ボストン美術館にある、貴重な作品『女湯』
鳥居清長が描いた作品『女湯』は、ボストン美術館(エドガー・ドガ旧蔵)と川崎・砂子の里資料館にしかない貴重な浮世絵です。また、ボストン美術館と資料館の作品でも、絵に違いが見られます。ボストン美術館蔵の作品では、右から2番目に立っている女性が陰部を赤い腰巻きで隠しています。これは日本からの輸出時に上手く修正したと推測できるでしょう。スタイルの良い女性たちが描かれており、日本における裸体美の第一級作品との呼び声もあります。
ボストン美術館には浮世絵作品が多く所蔵されていますが、その理由にはビゲローが関係しています。ビゲローは、アメリカの医師であり日本美術の研究家です。日本美術の収集家としても知られており、1890年にボストン美術館の理事に就任。1911年にビゲローが収集していた美術品が、正式にボストン美術館に寄贈されました。ビゲローが収集していた浮世絵コレクションは33,264枚という膨大な数でした。現在、ボストン美術館全体の約64%がビゲローの寄贈品です。そのため、ボストン美術館には日本の浮世絵が多く所蔵されているのです。
清長風美人の前と後を比較してみる
清長風美人が登場する前と後の美人画の特徴を確認していきましょう。浮世絵が描かれ始めた初期は、少女のようなあどけなさが残る可憐な女性表現が人気を集めていました。代表的な作家は鈴木晴信(すずきはるのぶ)です。

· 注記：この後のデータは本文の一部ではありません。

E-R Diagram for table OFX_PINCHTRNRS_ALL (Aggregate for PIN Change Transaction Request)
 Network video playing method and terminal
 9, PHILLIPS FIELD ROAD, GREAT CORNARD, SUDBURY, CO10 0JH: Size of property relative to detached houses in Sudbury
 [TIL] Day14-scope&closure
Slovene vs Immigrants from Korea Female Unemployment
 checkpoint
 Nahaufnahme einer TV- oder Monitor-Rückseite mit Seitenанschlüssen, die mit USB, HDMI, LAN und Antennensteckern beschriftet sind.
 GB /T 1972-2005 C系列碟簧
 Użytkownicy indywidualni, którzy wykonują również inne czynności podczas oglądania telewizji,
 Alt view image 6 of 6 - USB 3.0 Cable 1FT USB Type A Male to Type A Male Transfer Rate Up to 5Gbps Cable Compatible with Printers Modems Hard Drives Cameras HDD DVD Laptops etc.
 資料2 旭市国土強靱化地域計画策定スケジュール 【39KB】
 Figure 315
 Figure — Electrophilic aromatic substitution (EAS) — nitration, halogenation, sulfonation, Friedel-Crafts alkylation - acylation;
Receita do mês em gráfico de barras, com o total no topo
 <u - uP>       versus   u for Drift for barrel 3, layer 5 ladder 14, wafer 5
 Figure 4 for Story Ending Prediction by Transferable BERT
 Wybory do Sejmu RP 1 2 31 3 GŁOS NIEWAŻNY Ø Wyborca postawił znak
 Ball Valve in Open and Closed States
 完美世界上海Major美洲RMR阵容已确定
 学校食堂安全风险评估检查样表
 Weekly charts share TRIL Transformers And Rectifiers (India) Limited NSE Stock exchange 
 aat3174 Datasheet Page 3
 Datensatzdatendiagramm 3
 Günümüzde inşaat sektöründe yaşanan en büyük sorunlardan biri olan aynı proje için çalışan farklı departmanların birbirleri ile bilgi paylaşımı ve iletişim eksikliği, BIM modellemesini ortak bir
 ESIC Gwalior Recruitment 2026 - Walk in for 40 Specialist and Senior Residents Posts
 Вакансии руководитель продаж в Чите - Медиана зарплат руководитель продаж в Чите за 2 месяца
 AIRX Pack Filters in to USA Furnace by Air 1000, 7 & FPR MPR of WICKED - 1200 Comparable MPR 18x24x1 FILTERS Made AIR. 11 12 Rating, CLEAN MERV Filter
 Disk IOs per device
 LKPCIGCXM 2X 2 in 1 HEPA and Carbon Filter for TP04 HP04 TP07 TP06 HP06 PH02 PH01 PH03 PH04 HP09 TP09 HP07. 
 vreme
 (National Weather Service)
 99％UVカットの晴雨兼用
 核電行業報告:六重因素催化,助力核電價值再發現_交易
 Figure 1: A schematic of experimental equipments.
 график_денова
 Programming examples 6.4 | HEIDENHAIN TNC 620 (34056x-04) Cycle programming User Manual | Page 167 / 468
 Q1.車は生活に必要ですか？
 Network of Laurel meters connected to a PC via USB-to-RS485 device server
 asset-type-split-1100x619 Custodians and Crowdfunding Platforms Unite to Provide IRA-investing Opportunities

清長風美人以降の江戸時代後期には、艶やかな雰囲気をまとった退廃的な美人画が好んで描かれました。代表的な作家は渓斉英泉(けいさいえいせん)です。後期には、色気のある妖艶な女性表現が好まれていました。
絶妙なバランスで描かれた、美しい清長風美人
すらりとしたスタイルの美人を描いていた鳥居清長。控えめながらも自然体な姿を魅力的に描く鳥居清長の画風は、多くの絵師たちが参考にしています。清長風美人と呼ばれる言葉が誕生していることから、多くの人の印象に残っていたとわかります。時代とともに作風が変化していく美人画を、昔からさかのぼってみてみると浮世絵美人画の新たな魅力に気付けるかもしれません。清長風美人の浮世絵をきっかけに、さまざまな画風の美人画の鑑賞も楽しんでみてください。